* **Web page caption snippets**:
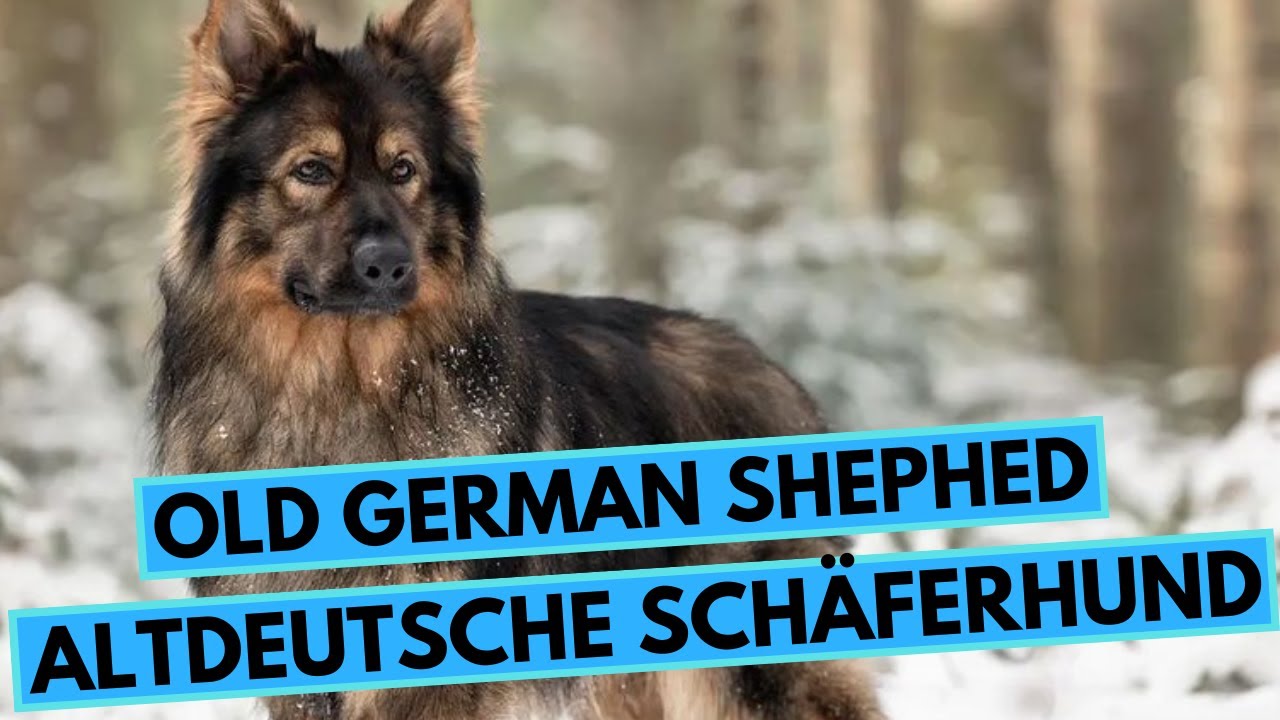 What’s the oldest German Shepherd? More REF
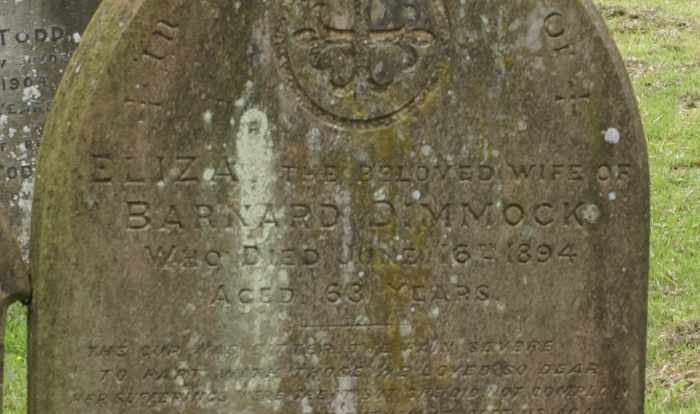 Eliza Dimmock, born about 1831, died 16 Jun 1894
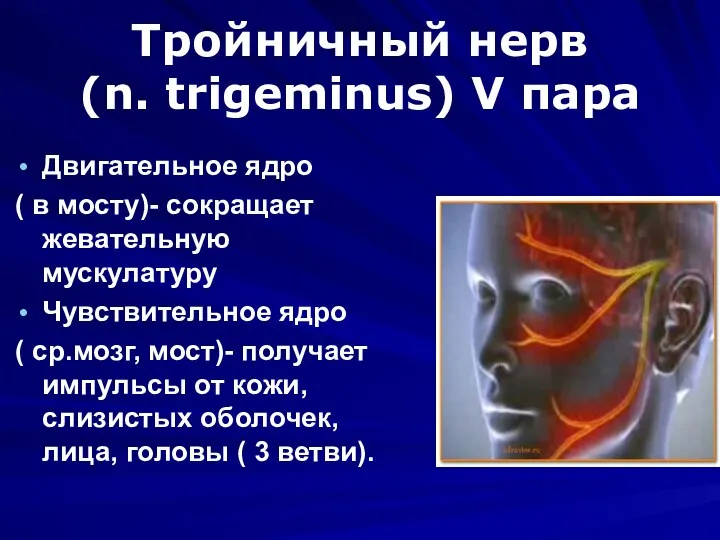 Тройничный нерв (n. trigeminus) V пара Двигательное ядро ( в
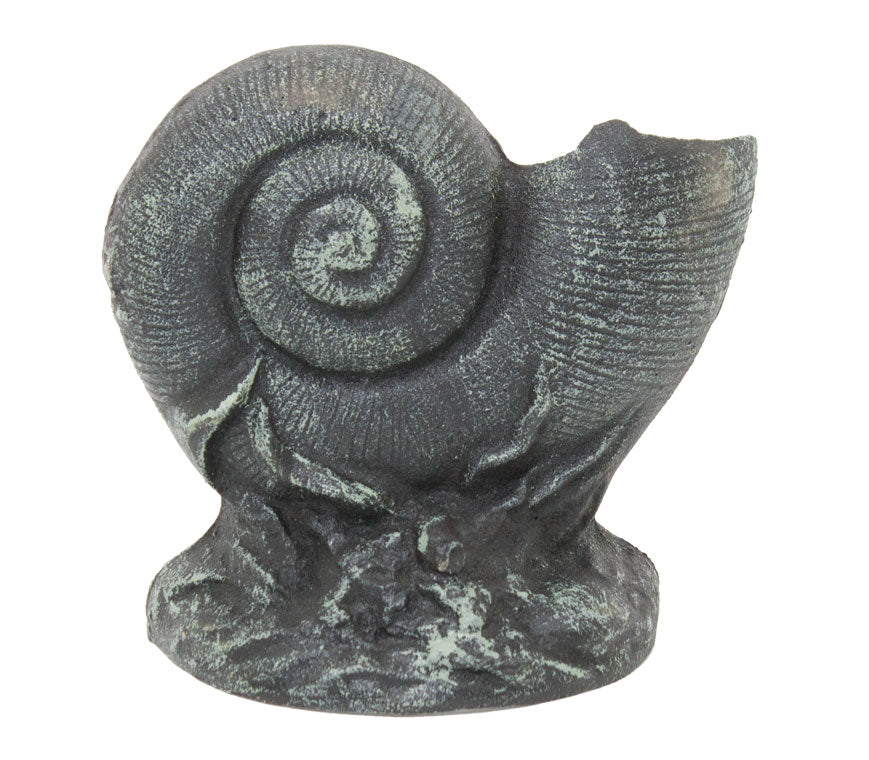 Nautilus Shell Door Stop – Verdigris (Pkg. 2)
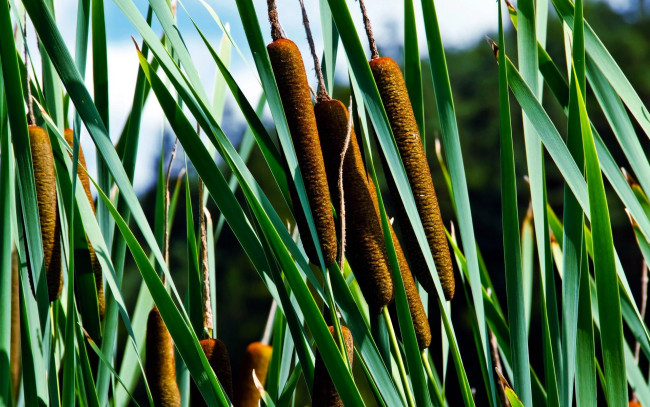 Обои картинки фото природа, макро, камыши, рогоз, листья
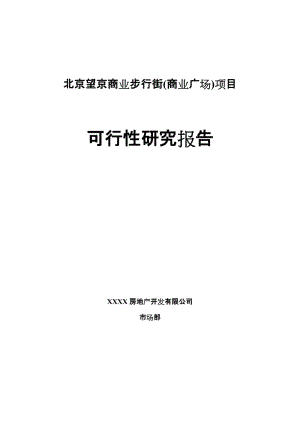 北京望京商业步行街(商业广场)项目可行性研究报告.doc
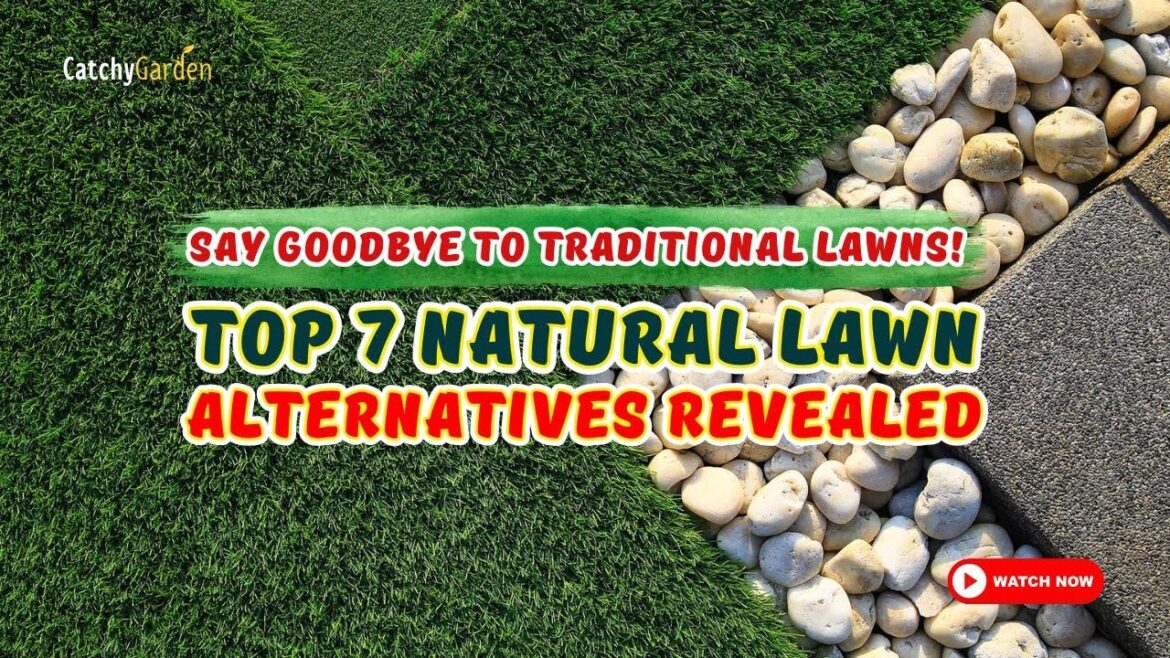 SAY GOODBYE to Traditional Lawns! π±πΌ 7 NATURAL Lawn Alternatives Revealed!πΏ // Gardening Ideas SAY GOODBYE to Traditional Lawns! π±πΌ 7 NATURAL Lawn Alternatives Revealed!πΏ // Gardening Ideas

* **EXERCISE OBJECTIVE**:
Your answer must be an exact copy of the entries above, with no pictures in it.

* **REPLY TO THE EXERCISE**:
 What’s the oldest German Shepherd? More REF
 Eliza Dimmock, born about 1831, died 16 Jun 1894
 Тройничный нерв (n. trigeminus) V пара Двигательное ядро ( в
 Nautilus Shell Door Stop – Verdigris (Pkg. 2)
 Обои картинки фото природа, макро, камыши, рогоз, листья
 北京望京商业步行街(商业广场)项目可行性研究报告.doc
 SAY GOODBYE to Traditional Lawns! π±πΌ 7 NATURAL Lawn Alternatives Revealed!πΏ // Gardening Ideas SAY GOODBYE to Traditional Lawns! π±πΌ 7 NATURAL Lawn Alternatives Revealed!πΏ // Gardening Ideas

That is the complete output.